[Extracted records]
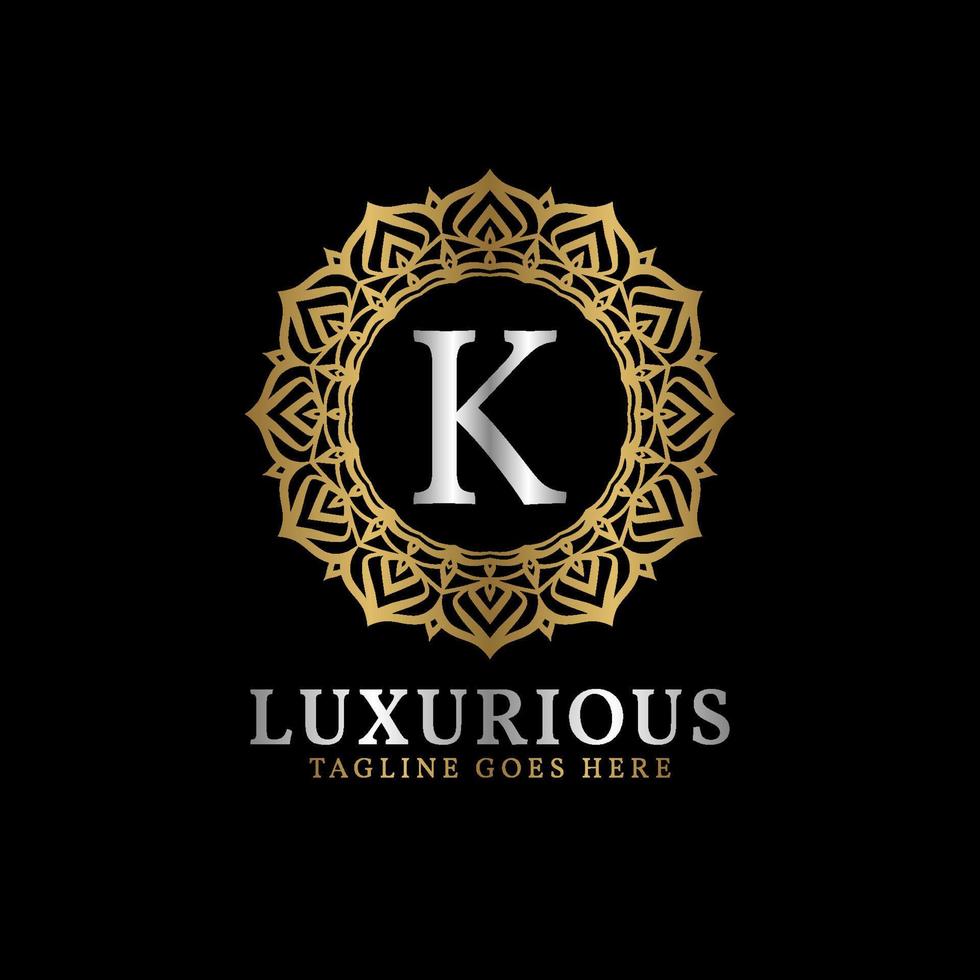 lettera K lussuoso decorativo fiore mandala arte iniziali vettore logo design per nozze, terme, Hotel, bellezza cura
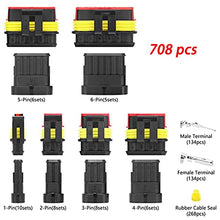 Load image into Gallery viewer, 708Pcs 43 Kits Waterproof Automotive Electrical Connector Terminals 1/2/3/4/5/6 Male&amp;Female Pin Automotive Wire Connectors Kit
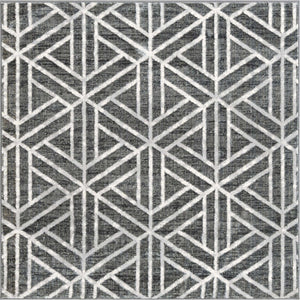 Gray 5' 3 x 5' 3 Matrix Trellis Square Area Rug 100% Polyester Geometric Pattern Modern Carpet for Living, Dining, Bedroom, Office for Sale at Rug Engine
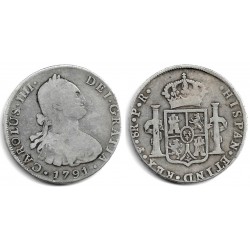 Carlos IV. 1791. 8 Reales (BC+) (Plata) Ceca de Potosí PR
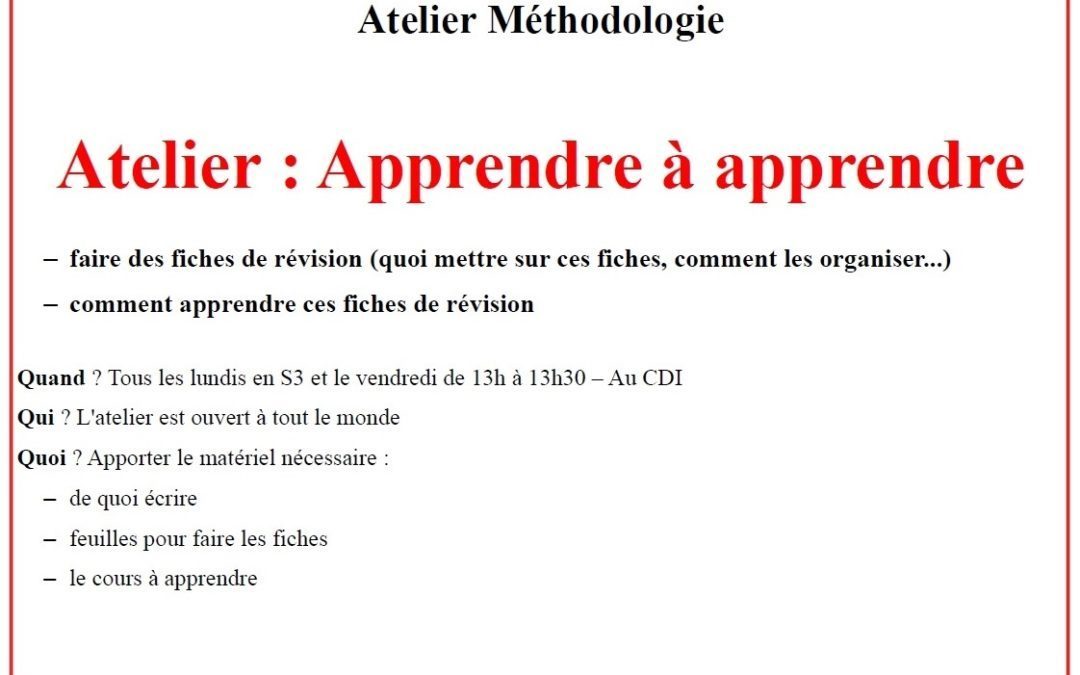 Atelier méthodologique : apprendre à apprendre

## WORK REQUIRED
What you return must match the records above exactly, minus any images.

## RESULT OF THIS EXERCISE
 lettera K lussuoso decorativo fiore mandala arte iniziali vettore logo design per nozze, terme, Hotel, bellezza cura
 Load image into Gallery viewer, 708Pcs 43 Kits Waterproof Automotive Electrical Connector Terminals 1/2/3/4/5/6 Male&amp;Female Pin Automotive Wire Connectors Kit
 Gray 5' 3 x 5' 3 Matrix Trellis Square Area Rug 100% Polyester Geometric Pattern Modern Carpet for Living, Dining, Bedroom, Office for Sale at Rug Engine
 Carlos IV. 1791. 8 Reales (BC+) (Plata) Ceca de Potosí PR
 Atelier méthodologique : apprendre à apprendre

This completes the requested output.